A confiança de Moniz Silva, presidente da federação, numa entrevista onde aborda até o tema Carlos Morais

Em entrevista à Rádio Marginal, o presidente da Federação Angolana de Basquetebol, Moniz Silva, admitiu que a decisão sobre a sede da próxima e decisiva janela de apuramento para o Campeonato do Mundo ainda está em aberto, com a Costa do Marfim, os Camarões e o Egipto também na corrida. «Vamos formalizar a nossa candidatura, que não é a única, mas muito dificilmente não passará por Luanda», disse sem esconder a confiança. Confiança, mas passada das bancadas para o campo, é o que pretende trazendo a derradeira janela para o solo angolano. «O apoio do público ajuda, claro. Vimos quando ganhámos o Afrobasket», recordou Moniz Silva.

Apesar de defender Luanda como sede, o presidente da federação não quis que essa aposta soasse a receio no apuramento, já que «uma equipa do nível de Angola não precisa de jogar em casa para vencer, tem de querer ganhar sempre», sublinhou, citando o exemplo do Senegal. Uma selecção que entrou na prova a pensar em vencer os três jogos e acabou a perder com o Egipto, tal como aconteceu à própria Angola, derrotada em casa pelos egípcios.

Olhando para trás, Moniz Silva não escondeu que o caminho até ao título africano foi tudo menos tranquilo. «Havia instabilidade e muitos problemas no basquetebol», admitiu, traçando um paralelo com o percurso mais recente da seleção. «No Ruanda já fomos para ganhar, mas não aconteceu.

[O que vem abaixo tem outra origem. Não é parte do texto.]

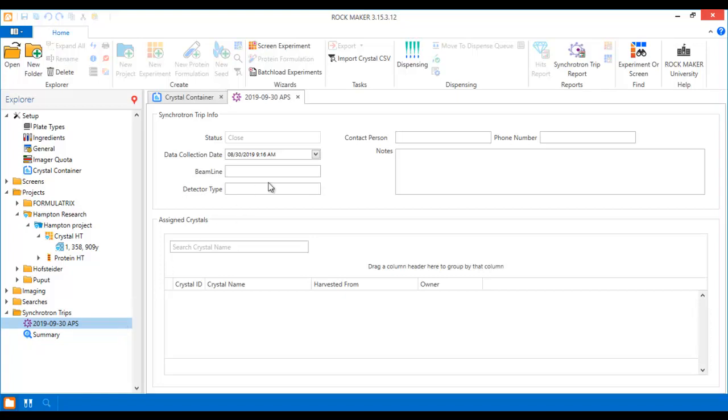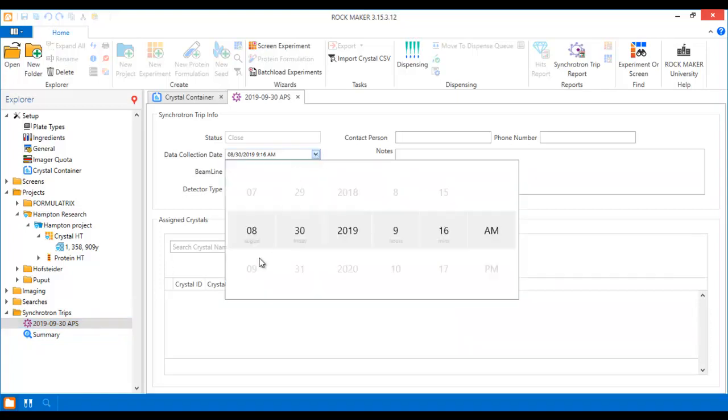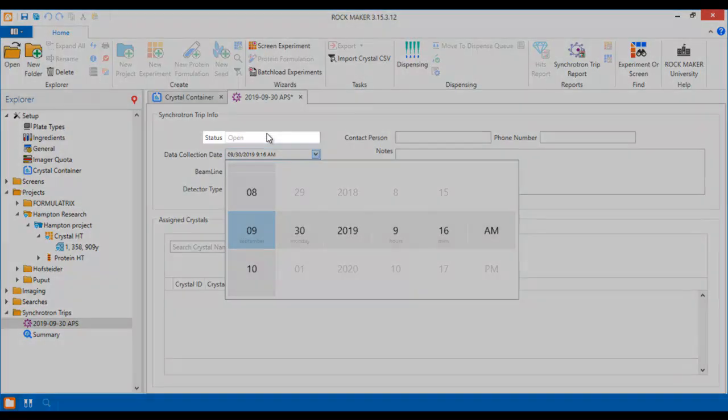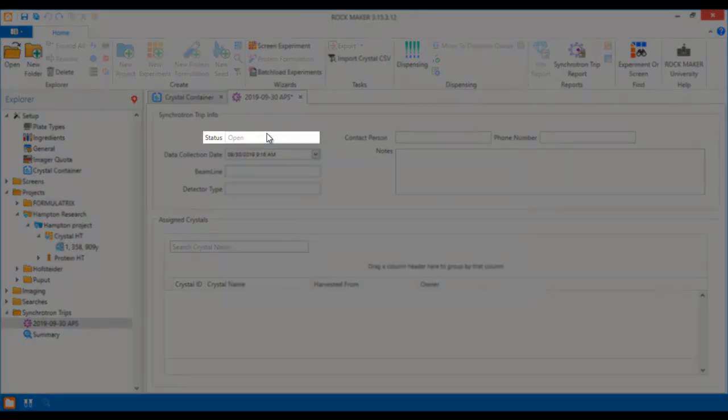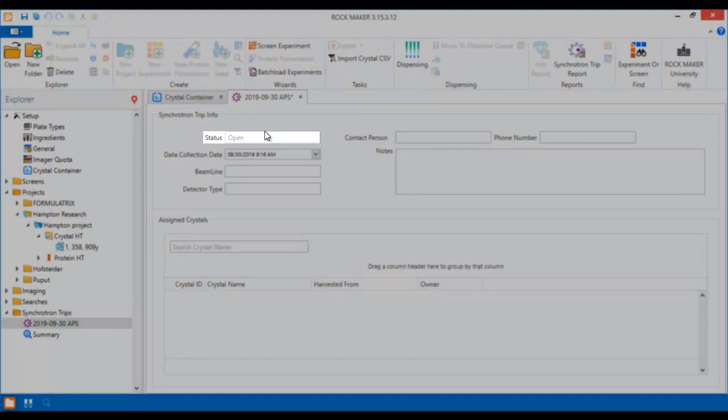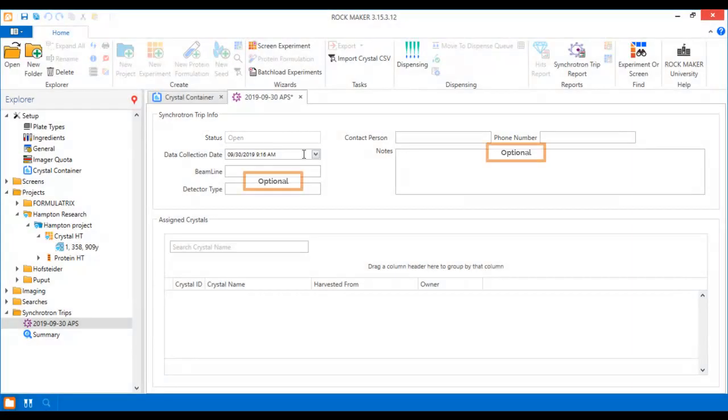Then select the data collection date for your synchrotron trip. The status field will change to open if the chosen date is in the future. The rest of the fields are optional, but you can use them to add some more detailed information about your trip if you like.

Fomos ao Mundial já com a perspectiva de criar um conjunto de condições para ganhar o Afrobasket 2025.» 

Sobre o actual selecionador, fez questão de destacar uma curiosidade. É hoje o único selecionador de Angola que não está ou esteve ligado a qualquer clube do país. E se o título sénior já está na vitrina, falta o resto da casa. «O nosso foco é voltar a ganhar nos sub-14, sub-16 e sub-18, para alimentarmos as seleções nacionais seniores, porque esta foi a única seleção de Angola a ganhar o Afrobasket sem campeões da formação», reconheceu. E resumiu o dilema com uma imagem simples. «Começámos a construir a casa pelo teto. Ganhámos em seniores, mas não ganhamos nas camadas jovens.»

Há, garante, trabalho a decorrer por trás das câmaras. «Temos feito coisas que ninguém fala. Digitalizámos a Federação toda. Temos informações para ajudar o governo a tomar melhores decisões. Vamos começar o controlo das idades mais cedo, a partir dos sub-12, para evitar a adulteração», comentou.

A entrevista não fugiu ao tema Carlos Morais... Moniz Silva explicou que o jogador pediu dispensa para duas janelas e, a partir daí, deixou de contar para o selecionador, mas garantiu que, enquanto presidente, nunca interferiu nessa decisão. E sobre uma eventual homenagem da FAB ao internacional, foi direto. «Se isso acontecesse, a federação teria de homenagear também muitos outros jogadores da mesma geração, que deram tanto como Carlos Morais ao basquetebol angolano».